Je poursuis ma route et emprunte un escalier qui semble rejoindre une passerelle piétonne couverte qui suit la rue en hauteur. En continuant vers la direction indiquée de la mer la passerelle enjambe rapidement trois lignes de chemin de fers et je découvre pour la première fois les trains bondés à l’indienne avec des grappes de gens penchées à travers les portes ouvertes des wagons. J’ai une subite pensée pour le principe de précaution à la française et les campagnes de prévention routière. D’autres lieux, d’autres priorités. Je poursuit le long de la passerelle, profitant de l’ombre qu’elle procure et ne tarde pas à apercevoir un petit garçon assit bizarrement au milieu du flot humain. En me rapprochant je constate rapidement qu’il lui manque son avant bras gauche et poursuit mon chemin, comme tous les indiens à côté de moi. Ca, c’est bien une partie de l’Inde telle que je l’imaginai. Quelques dizaines de mètre plus loin une femme en sari crasseux fait l’aumône avec sa petite fille en slip. Je me rends compte que ça ne me choque pas plus que ça. La misère a bien progressé en France, et cette scène là est loin d’y être exceptionnelle. Pas sûr que ce soit une bonne nouvelle ceci dit.

Après quelques minutes de marche où on surplombe un quartier commerçant de bric et de broc, la passerelle se termine et je redescend un ultime escalier pour rejoindre une grande avenue bordée de magasins un peu plus à l’occidental. Malgré tout, des petits détails font qu’on ne peut pas se croire en Europe: des devantures un peu décaties et crasseuses même pour des banques ou des magasins hi-tech. Seules les magasins de luxes (quelques uns) sont à peu prêt propres, même si j’ai aperçu plus tard deux poules folâtrant dans le petit jardinet d’une joaillerie de luxe, mais c’est une autre histoire. Ce n’était pas bien différent au Mexique ceci dit mais la moindre boutique sérieuse ferait réfléchir le client en France par son aspect. Encore une fois, d’autres lieux, d’autres priorités et je me doute que la violence de la mousson annuelle ne doit pas aider pour l’entretien.

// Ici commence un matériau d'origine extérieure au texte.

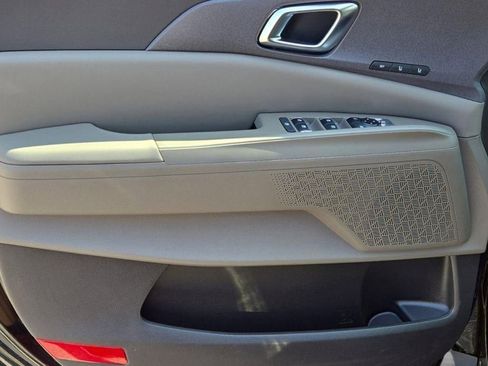 New 2026 Kia Carnival EX image 15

Je poursuit un peu mon chemin « à la boussole » et après avoir longé un terrain vague débouche dans une rue un peu plus pauvre et manifestement spécialisée dans les garages. Un grand nombres de garagistes oeuvrent sur les tuc-tucs et taxis jaunes et noires qui foisonnent dans les rues. Toujours ces regards vers moi et je décide donc d’adopter le regard dur et résolu qui inspire le respect et la crainte histoire de ne pas me faire embêter. Mais surtout j’adopte une démarche droite, résolue et surtout sans hésitations quand à mon chemin histoire de clairement faire passer ce message : « je suis en mission les gars, je sais ce que je fait, faites moi pas chier ». J’ai vu ça dans les films de Jason Bourne. Matt Damon, c’est mon mentor.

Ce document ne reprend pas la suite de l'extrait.